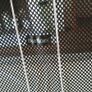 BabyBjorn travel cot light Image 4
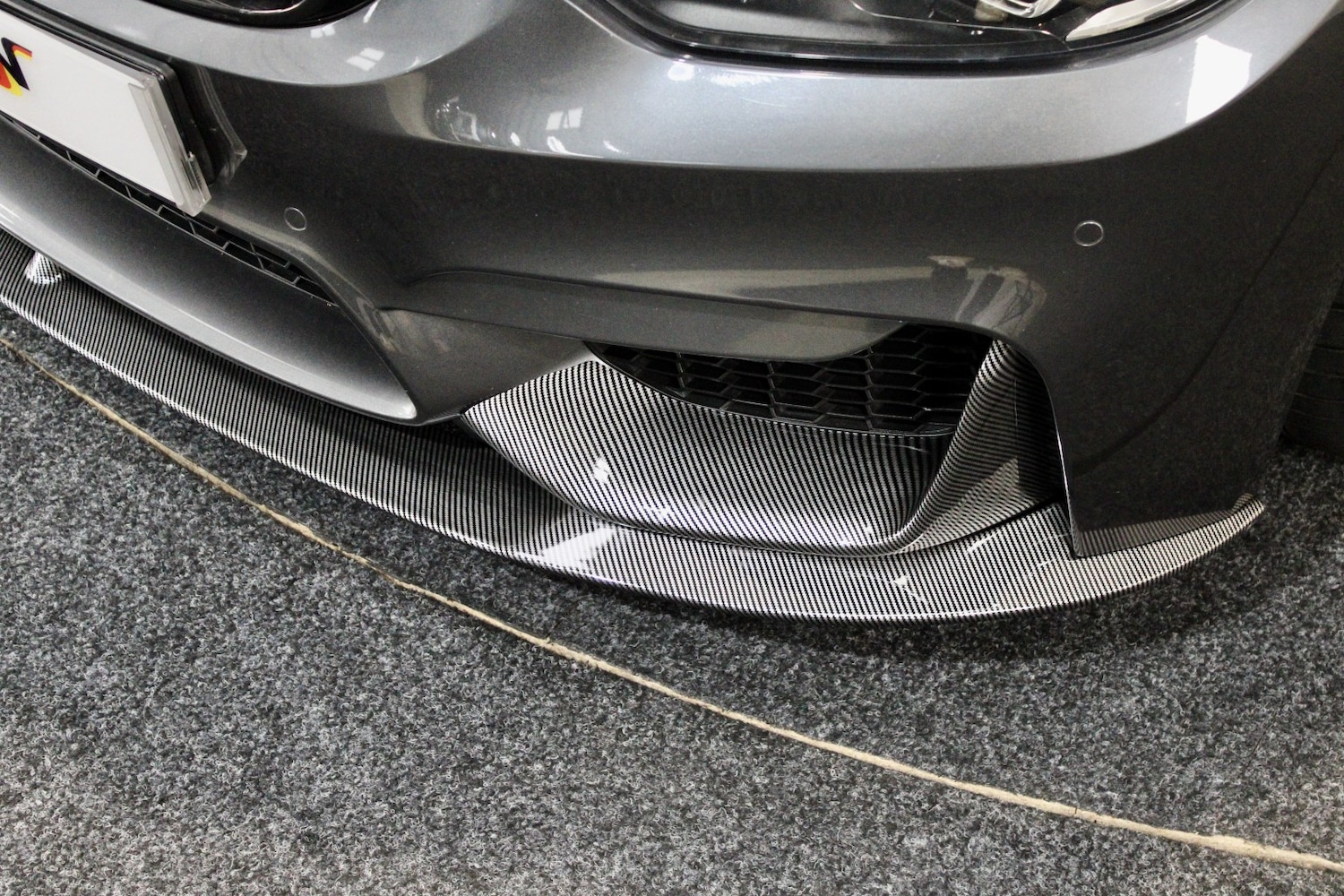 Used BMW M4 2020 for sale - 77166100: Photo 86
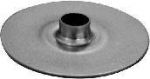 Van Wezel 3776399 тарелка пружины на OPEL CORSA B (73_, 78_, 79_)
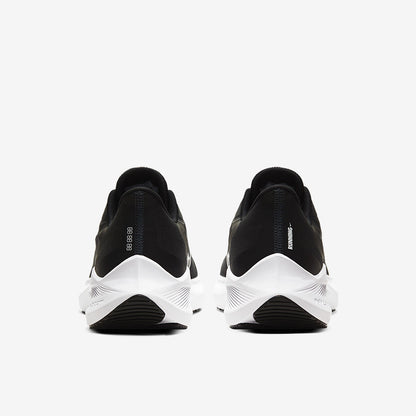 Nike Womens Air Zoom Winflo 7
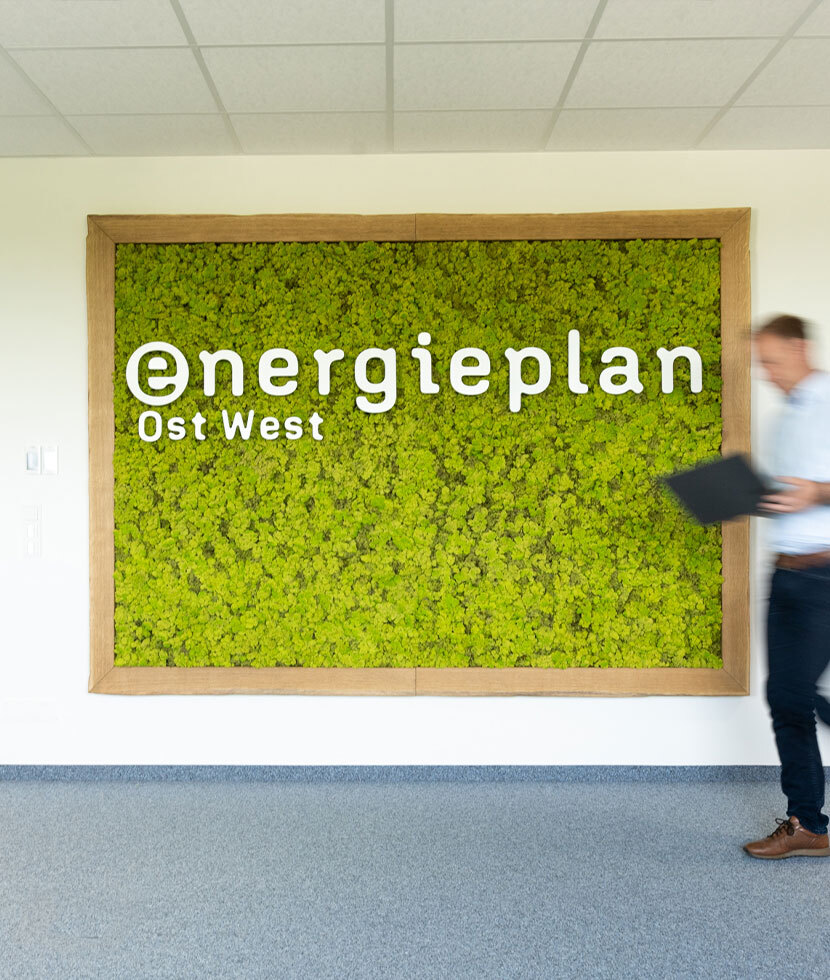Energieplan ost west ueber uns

* _Task objective_: None of the pictures should appear; copy the rest of the material above exactly.

* _Solved problem_:
 BabyBjorn travel cot light Image 4
 Used BMW M4 2020 for sale - 77166100: Photo 86
 Van Wezel 3776399 тарелка пружины на OPEL CORSA B (73_, 78_, 79_)
 Nike Womens Air Zoom Winflo 7
Energieplan ost west ueber uns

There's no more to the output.